On Nov 14, 2009, at 1:18 AM, John Clements wrote:

> 
> On Sep 26, 2009, at 6:29 AM, Matthias Felleisen wrote:
> 
>> 
>> 
>> 1. htdp/world is deprecated, use 2htdp/universe instead.
>> 
>> 2. we consider the pinhole approach to our image library as a mistake. To solve the problem Robby is working on 2htdp/image, a replacement for the image library. When it comes out (end of semester probably) it will support rotate and other such operations, plus comparisons will be much faster.
> 
> I'm surprised to say it, but right now I'm *really missing the pinhole*.
> 
> I'm trying to write a function in 2htdp/image that draws, say, 36 copies of a shape arranged in a big "circle" around a center.  With pinholes, this was easy.  Move the pinhole way off to the left, then rotate the thing around the pinhole by 10 degrees, 20 degrees, etc.
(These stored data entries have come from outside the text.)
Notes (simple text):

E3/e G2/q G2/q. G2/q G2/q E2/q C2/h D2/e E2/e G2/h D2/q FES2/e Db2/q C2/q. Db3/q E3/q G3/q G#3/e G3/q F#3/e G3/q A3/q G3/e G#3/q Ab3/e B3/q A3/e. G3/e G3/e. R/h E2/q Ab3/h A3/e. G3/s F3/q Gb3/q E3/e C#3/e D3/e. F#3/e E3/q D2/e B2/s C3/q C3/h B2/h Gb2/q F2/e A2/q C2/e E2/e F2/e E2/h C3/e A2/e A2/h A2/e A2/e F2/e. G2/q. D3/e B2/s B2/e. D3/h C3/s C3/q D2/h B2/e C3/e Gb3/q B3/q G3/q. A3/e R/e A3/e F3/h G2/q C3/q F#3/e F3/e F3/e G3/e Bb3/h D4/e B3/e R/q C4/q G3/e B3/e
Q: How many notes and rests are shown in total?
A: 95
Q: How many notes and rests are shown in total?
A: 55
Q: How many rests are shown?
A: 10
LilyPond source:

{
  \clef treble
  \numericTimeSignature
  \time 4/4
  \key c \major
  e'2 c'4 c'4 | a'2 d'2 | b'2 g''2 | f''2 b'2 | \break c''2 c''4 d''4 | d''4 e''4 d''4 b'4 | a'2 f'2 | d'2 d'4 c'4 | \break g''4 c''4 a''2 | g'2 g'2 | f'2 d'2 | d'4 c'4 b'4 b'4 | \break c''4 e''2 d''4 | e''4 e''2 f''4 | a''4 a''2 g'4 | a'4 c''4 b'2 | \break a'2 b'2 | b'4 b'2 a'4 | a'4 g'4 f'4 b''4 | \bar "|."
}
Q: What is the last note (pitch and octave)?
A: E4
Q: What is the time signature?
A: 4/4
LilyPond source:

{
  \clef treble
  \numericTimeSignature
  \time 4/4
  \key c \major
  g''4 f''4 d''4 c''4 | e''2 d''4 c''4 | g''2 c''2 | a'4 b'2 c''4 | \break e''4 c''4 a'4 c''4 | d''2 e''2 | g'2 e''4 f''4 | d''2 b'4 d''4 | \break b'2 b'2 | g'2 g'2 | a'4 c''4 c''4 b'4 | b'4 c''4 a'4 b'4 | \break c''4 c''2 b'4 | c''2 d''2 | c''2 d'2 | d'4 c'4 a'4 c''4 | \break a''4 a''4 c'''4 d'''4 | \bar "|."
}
Overlay them all, and you're done. [*]
> 
> With the new approach, I'm finding this nearly impossible.  The natural approach involves, for instance, putting the thing "beside" a long horizontal space, and then rotating it.  The problem is that it doesn't rotate about a fixed point.  To see the problem, consider this program:
> 
> (require 2htdp/image)
> 
> (define a (beside (rectangle 150 2 "solid" "black") (ellipse 10 50 "solid" "purple")))
> 
> (overlay/places "middle" "middle"
>                (rotate  0 a)
>                (rotate 20 a)
>                (rotate 40 a)
>                (rotate 60 a))
> 
> The problem is that mapping a point in the pre-rotation shape to a point in the post-rotation shape is hard.
> 
> ...
> 
> After wrestling with this for quite a while, I have a solution of sorts; you have to overlay the shape you want to rotate on a large outline circle in such a way that the shape is entirely inside the circle. Rotating this shape does not change the bounding box at all, meaning that you can overlay them correctly. Needless to say, computing the size of the circle required is a big pain.
> 
> E.G.:
> 
> (define b (overlay/xy (circle 200 "outline" "blue") 200 200 a))
> 
> (overlay
> (rotate  0 b)
> (rotate 20 b)
> (rotate 40 b)
> (rotate 60 b))
> 
> Am I missing something obvious?
> 
> John
> 
> [*] with the obvious caveat that the old version didn't rotate shapes at all.